155. В оригинале игра слов: "Hammel" - "баран", "Himmel" - "небо".]
Естественно предположить, что большинство арабов, слушавших
"посланника Аллаха" или его соратников и даже что-либо записывавших из
их речей, проповедей, поучений, наставлений, приговоров, обращали
внимание, как правило, не на изрекавшиеся ими отвлеченные постулаты,
не на теологию и космогонию, а на беспокоившую их конкретность, сердца
их откликались прежде всего на злободневность, на то, о чем их
спрашивали дома и в общине, знание чего могло помочь им в жизни.
Именно это запоминалось лучше всего. Но как раз эта историческая
конкретность, заземленность, казавшаяся наиболее убедительной тем, кто
слушал пророка, не помогала, а мешала составителям и редакторам
"божественного откровения".
И очевидно, что едва ли не главным при выполнении задачи,
стоявшей перед составителями Корана, было нарушить заземленность
поступавших к ним и ими делавшихся записей, искусственно разорвав и
перетасовав их по разным сурам. Не случайно то и дело нарушается
повествовательность содержащихся в Коране сказаний, хронологическая и
смысловая последовательность не только сур, но и аятов. По той же
причине в этой книге много имен разного рода мифологических,
легендарных персонажей, а иногда конкретных деятелей древнего мира, но
нет или почти нет имен тех, кто возглавлял пророческое движение в
Аравии, в частности в Хиджазе, в Мекке и Медине (Йасрибе) периода
возникновения ислама. Имя Мухаммеда упомянуто всего четыре раза и
пятый раз в форме "Ахмед", и все эти упоминания содержатся в разных
сурах, в контексте, который, как правило, создает впечатление, что
речь идет не о современнике записи, а персонаже уже сложившейся
легенды. Неудивительно, что в Коране не оказалось имен первых четырех
халифов, хотя это вскоре вызвало недовольство, например, сторонников
Али ибн Абу Талиба, затем ставшего четвертым халифом.
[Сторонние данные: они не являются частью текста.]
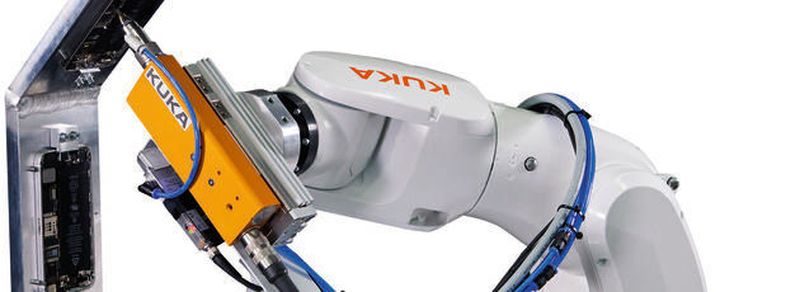 Einsatz für den K3: Mikroschrauben in der Handy-Produktion.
Естественно, что
составлявшие Коран вскоре нажили немало противников. В числе их,
вероятно, были и те, кто давал им записи с именами своих соратников,
быть может, и со своим именем, а затем в тексте Корана, ставшем
каноническим, этих имен, в том числе своего, не обнаружили.
Все это происходило в условиях классового общества, в первые
десятилетия Халифата в Медине, при весьма напряженной внутренней и
внешней обстановке. Именно в этой обстановке Халифат нуждался не
только в книге, которая бы освящала и утверждала его идеологию - ислам
как высшую истину - аль-хакк (2:85; 11:20; 22:53 и др.), но
одновременно служила бы основой правовых установлений, провозгласив
себя верным ориентиром, по которому следует "судить среди людей" (К.,
4:106), быть "арабским судебником" (13:37). И Халифат такую книгу
получил при непосредственном участии и под наблюдением первых халифов.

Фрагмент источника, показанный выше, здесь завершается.